WORK TASK
Would you reproduce, without any alteration, the lines from the opening line of the entries through the line that has "Tapis 120x50 cm Gris Blanc" in it?
==== LISTED ENTRIES ====
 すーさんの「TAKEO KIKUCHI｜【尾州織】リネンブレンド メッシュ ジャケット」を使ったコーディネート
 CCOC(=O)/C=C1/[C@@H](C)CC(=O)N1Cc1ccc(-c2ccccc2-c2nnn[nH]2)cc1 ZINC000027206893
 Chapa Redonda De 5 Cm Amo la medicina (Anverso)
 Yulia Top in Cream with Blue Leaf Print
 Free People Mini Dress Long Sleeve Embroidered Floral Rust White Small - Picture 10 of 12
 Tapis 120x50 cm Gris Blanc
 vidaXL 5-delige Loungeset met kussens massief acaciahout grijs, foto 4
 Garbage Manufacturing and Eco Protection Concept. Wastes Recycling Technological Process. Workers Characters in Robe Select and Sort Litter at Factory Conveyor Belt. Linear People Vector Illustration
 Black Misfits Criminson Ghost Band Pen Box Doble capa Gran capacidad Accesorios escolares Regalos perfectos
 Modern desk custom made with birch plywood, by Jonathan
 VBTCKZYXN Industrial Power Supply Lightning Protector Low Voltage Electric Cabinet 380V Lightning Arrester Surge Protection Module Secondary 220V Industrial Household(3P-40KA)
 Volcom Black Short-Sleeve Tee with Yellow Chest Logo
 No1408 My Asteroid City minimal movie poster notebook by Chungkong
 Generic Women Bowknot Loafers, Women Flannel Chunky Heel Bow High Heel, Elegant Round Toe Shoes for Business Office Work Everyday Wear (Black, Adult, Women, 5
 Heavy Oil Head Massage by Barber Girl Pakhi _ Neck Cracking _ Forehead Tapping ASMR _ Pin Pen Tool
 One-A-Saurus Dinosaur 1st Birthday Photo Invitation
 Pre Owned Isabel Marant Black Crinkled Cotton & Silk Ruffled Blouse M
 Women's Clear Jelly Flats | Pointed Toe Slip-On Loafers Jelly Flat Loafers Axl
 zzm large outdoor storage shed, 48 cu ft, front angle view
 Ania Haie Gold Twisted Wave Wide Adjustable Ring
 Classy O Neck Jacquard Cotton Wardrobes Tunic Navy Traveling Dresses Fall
====
OUTPUT FOR THIS TASK
 すーさんの「TAKEO KIKUCHI｜【尾州織】リネンブレンド メッシュ ジャケット」を使ったコーディネート
 CCOC(=O)/C=C1/[C@@H](C)CC(=O)N1Cc1ccc(-c2ccccc2-c2nnn[nH]2)cc1 ZINC000027206893
 Chapa Redonda De 5 Cm Amo la medicina (Anverso)
 Yulia Top in Cream with Blue Leaf Print
 Free People Mini Dress Long Sleeve Embroidered Floral Rust White Small - Picture 10 of 12
 Tapis 120x50 cm Gris Blanc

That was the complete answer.